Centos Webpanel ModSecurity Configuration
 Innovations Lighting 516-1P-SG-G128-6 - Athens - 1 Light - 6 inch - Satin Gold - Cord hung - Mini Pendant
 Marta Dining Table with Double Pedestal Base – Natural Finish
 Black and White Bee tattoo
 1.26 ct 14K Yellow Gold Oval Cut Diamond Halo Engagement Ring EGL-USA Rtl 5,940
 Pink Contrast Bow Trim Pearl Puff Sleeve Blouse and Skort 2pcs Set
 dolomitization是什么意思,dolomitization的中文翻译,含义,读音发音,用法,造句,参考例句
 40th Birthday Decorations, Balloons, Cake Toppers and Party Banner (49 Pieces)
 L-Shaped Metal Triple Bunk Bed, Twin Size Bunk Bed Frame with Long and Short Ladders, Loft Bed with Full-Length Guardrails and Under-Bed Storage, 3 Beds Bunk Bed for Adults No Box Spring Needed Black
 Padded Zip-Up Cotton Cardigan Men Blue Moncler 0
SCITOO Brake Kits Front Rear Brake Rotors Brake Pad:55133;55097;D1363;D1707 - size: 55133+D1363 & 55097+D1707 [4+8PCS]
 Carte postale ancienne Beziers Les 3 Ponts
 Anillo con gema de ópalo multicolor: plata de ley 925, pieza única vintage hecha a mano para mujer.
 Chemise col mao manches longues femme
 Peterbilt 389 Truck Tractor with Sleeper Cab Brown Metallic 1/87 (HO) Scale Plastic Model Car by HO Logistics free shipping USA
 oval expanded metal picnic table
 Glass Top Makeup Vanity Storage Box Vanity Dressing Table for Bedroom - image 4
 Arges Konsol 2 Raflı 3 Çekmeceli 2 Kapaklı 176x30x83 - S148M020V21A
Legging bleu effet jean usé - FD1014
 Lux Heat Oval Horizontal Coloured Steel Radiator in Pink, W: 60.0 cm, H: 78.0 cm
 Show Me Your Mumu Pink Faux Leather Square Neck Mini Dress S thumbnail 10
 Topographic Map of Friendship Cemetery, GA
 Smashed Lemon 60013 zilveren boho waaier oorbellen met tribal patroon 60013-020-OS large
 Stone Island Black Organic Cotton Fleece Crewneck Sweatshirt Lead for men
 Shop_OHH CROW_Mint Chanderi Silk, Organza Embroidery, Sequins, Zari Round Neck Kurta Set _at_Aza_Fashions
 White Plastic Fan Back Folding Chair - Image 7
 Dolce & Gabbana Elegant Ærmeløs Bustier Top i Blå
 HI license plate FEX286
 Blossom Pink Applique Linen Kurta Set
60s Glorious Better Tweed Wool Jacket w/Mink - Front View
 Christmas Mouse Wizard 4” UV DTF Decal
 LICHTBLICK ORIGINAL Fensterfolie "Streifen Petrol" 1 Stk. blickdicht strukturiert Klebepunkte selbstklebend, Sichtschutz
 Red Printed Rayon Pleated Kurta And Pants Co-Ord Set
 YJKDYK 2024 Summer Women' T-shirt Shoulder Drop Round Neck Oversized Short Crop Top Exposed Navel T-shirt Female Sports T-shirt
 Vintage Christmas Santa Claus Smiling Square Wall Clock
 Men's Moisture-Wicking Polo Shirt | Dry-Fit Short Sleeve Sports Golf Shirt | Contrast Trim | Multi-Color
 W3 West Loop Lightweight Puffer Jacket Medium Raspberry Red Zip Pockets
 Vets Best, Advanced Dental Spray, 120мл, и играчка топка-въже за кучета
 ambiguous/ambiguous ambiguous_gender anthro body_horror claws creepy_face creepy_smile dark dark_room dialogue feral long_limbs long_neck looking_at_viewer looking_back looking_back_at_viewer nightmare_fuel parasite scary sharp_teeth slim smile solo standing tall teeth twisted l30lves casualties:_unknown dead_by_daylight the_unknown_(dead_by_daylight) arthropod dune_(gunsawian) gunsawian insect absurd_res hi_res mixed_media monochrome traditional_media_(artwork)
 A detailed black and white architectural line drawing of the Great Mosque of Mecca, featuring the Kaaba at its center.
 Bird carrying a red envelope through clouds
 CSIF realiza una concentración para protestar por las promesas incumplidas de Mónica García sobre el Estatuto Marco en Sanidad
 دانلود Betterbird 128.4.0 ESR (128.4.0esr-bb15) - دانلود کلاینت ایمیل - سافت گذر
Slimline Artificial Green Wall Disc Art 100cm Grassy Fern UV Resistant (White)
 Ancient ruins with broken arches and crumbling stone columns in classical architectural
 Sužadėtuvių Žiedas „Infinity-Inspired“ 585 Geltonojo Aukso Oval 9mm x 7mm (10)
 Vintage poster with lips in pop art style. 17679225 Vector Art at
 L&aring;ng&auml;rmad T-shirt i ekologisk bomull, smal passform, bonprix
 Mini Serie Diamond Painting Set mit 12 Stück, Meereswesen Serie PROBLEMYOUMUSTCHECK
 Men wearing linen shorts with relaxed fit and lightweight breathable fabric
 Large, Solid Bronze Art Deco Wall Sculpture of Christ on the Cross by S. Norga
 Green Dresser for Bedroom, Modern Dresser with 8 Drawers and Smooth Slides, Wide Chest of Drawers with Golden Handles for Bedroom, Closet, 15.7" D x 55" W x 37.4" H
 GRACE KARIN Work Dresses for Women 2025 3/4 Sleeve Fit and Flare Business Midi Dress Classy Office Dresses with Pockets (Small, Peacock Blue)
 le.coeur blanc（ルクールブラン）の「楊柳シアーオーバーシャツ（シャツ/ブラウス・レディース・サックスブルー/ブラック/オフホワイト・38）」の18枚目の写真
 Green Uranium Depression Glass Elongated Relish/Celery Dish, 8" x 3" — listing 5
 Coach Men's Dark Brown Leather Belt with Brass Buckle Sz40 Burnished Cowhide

———

EXERCISE PROMPT: What is needed is a word-for-word copy of the records above, from the first line through the line that contains "Topographic Map of Friendship Cemetery, GA".

RESULT OF THIS TASK:
Centos Webpanel ModSecurity Configuration
 Innovations Lighting 516-1P-SG-G128-6 - Athens - 1 Light - 6 inch - Satin Gold - Cord hung - Mini Pendant
 Marta Dining Table with Double Pedestal Base – Natural Finish
 Black and White Bee tattoo
 1.26 ct 14K Yellow Gold Oval Cut Diamond Halo Engagement Ring EGL-USA Rtl 5,940
 Pink Contrast Bow Trim Pearl Puff Sleeve Blouse and Skort 2pcs Set
 dolomitization是什么意思,dolomitization的中文翻译,含义,读音发音,用法,造句,参考例句
 40th Birthday Decorations, Balloons, Cake Toppers and Party Banner (49 Pieces)
 L-Shaped Metal Triple Bunk Bed, Twin Size Bunk Bed Frame with Long and Short Ladders, Loft Bed with Full-Length Guardrails and Under-Bed Storage, 3 Beds Bunk Bed for Adults No Box Spring Needed Black
 Padded Zip-Up Cotton Cardigan Men Blue Moncler 0
SCITOO Brake Kits Front Rear Brake Rotors Brake Pad:55133;55097;D1363;D1707 - size: 55133+D1363 & 55097+D1707 [4+8PCS]
 Carte postale ancienne Beziers Les 3 Ponts
 Anillo con gema de ópalo multicolor: plata de ley 925, pieza única vintage hecha a mano para mujer.
 Chemise col mao manches longues femme
 Peterbilt 389 Truck Tractor with Sleeper Cab Brown Metallic 1/87 (HO) Scale Plastic Model Car by HO Logistics free shipping USA
 oval expanded metal picnic table
 Glass Top Makeup Vanity Storage Box Vanity Dressing Table for Bedroom - image 4
 Arges Konsol 2 Raflı 3 Çekmeceli 2 Kapaklı 176x30x83 - S148M020V21A
Legging bleu effet jean usé - FD1014
 Lux Heat Oval Horizontal Coloured Steel Radiator in Pink, W: 60.0 cm, H: 78.0 cm
 Show Me Your Mumu Pink Faux Leather Square Neck Mini Dress S thumbnail 10
 Topographic Map of Friendship Cemetery, GA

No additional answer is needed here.